In [None]:
#load libraries
library(embed)
library(themis)
library(vroom)
library(tidyverse)
library(tidymodels)
library(DataExplorer)
library(bonsai)
library(lightgbm)

In [None]:
#read in data
train <- vroom("/kaggle/input/allstate-claims-severity/train.csv")
test <- vroom("/kaggle/input/allstate-claims-severity/test.csv")

**Exploratory Data Analysis**

In [None]:
#eda
plot_correlation(train, type = "continuous") #high correlation off the diagonal

hist(train$loss) #right skewed

train_ex <- train %>%
mutate(loss_ex = log(loss))
hist(train_ex$loss_ex) #log transform makes response more normal

train_ex_2 <- train %>%
mutate(loss_ex_2 = (loss+1)^.25) #transformation as suggested by other winners
hist(train_ex_2$loss_ex_2)


Exploratory analysis shows that some variables have notably high correlation with one another. There are also a lot of variables available to us with these data. This signals that a feature engineering step may be needed to eliminate some variables with high correlation. 

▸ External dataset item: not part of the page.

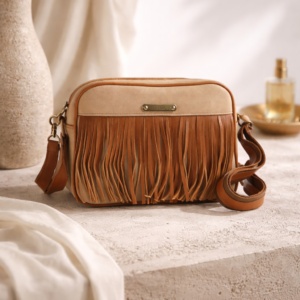 Mala pequena a tiracolo bege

Further exploration shows a right-skewed response. A log transformation makes sense in this scenario with the large numbers. One suggestion from other winners of this competition was to do the following transformation on the response:(loss + 1)^.25. This also results in more normal looking data, however it is still slightly right skewed. After running some models with both the log transformation and the (loss+1)^.25 transformation, I have selected the latter to use in my final model. I will refer to this transformation as the "winner" transformation.

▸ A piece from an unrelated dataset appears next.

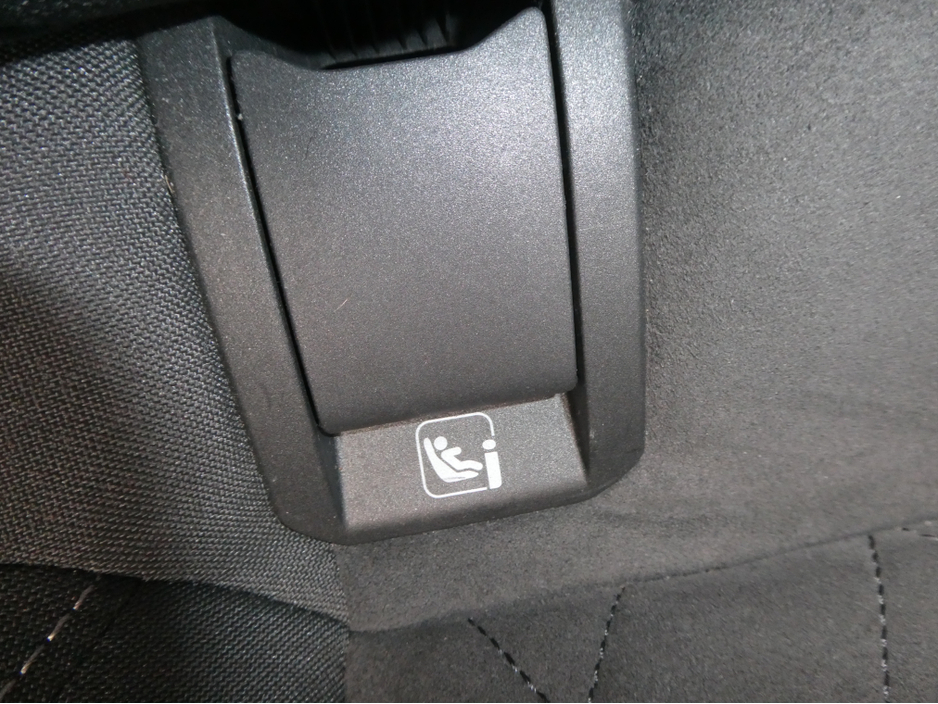 2022 Volkswagen Golf - image 20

**Transform Response and Create Recipe**

In [None]:
train <- train %>%
    mutate(loss = (loss+1)^.25)

allstate_recipe <- recipe(loss ~ ., train) %>% #w/ winner transformation
  step_lencode_mixed(all_nominal_predictors(), outcome = vars(loss))

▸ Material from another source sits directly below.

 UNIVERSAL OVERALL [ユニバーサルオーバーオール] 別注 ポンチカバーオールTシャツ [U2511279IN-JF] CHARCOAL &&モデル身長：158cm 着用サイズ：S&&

The above recipe implements the winner transformation as well uses target encoding on all of the categorical predictors.

**Creating the Model**

In [None]:
#create model
boost_model <- boost_tree(tree_depth=tune(),
                          trees=tune(),
                          learn_rate=tune(),
                         mode = "regression") %>%
              set_engine("lightgbm") #or "xgboost" but lightgbm is faster

#set workflow
boost_wf <- workflow() %>%
  add_recipe(allstate_recipe) %>%
  add_model(boost_model)

This is a boosted model using the lightgbm engine. Tree depth, the number of trees, and learning rate are parameters that will be tuned over. Since the response is numeric, the mode is regression. The model and recipe are then added to a workflow.

**Cross Validation**

In [None]:
#set up tuning grid
boost_tuneGrid <- grid_regular(tree_depth(), trees(), learn_rate(), levels = 3)

#set up cv
boost_folds <- vfold_cv(train, v = 5, repeats = 1)

CV_boost_results <- boost_wf %>%
  tune_grid(resamples = boost_folds,
            grid = boost_tuneGrid,
            metrics = metric_set(mae))

#find best tuning parameters
bestTune_boost <- CV_boost_results %>%
  select_best("mae") #mean absolute error used by this particular Kaggle comp

In order to find the optimal levels to set for tree depth, tree number, and learning rate, we must perform a cross validation. This will split the data into 5 subsections and use all combinations of those three parameters to see which combination results in the lowest mean absolute error. Mean absolute error was selected as the metric to determine how well the model did with predictions becuase this is what the Kaggle competition is using to score submissions.

**Fit the Model and Make Predictions**

In [None]:
#finalize workflow and fit it
final_boost_wf <- boost_wf %>%
  finalize_workflow(bestTune_boost) %>%
  fit(train)

#make predictions
pred_boost <- predict(final_boost_wf, new_data = test) 

Next, we implement the model with optmial tuning parameters to fit on the traning data. After the model is fit on the traning data, we then make predictions on the test data.  

**Format for Kaggle**

In [None]:
#format for Kaggle
boost_final <- pred_boost %>%
  bind_cols(test) %>%
  select(id,.pred) %>%
  rename(loss = .pred) %>%
  mutate(loss = loss^4-1)

write_csv(boost_final, "boostSubmission.csv")

##SCORE: 1,123.17

The boosted model with the winner transformation and target encoding resulted in a score of 1,123.17. This is the 1,462nd best score of 3,048 competitors.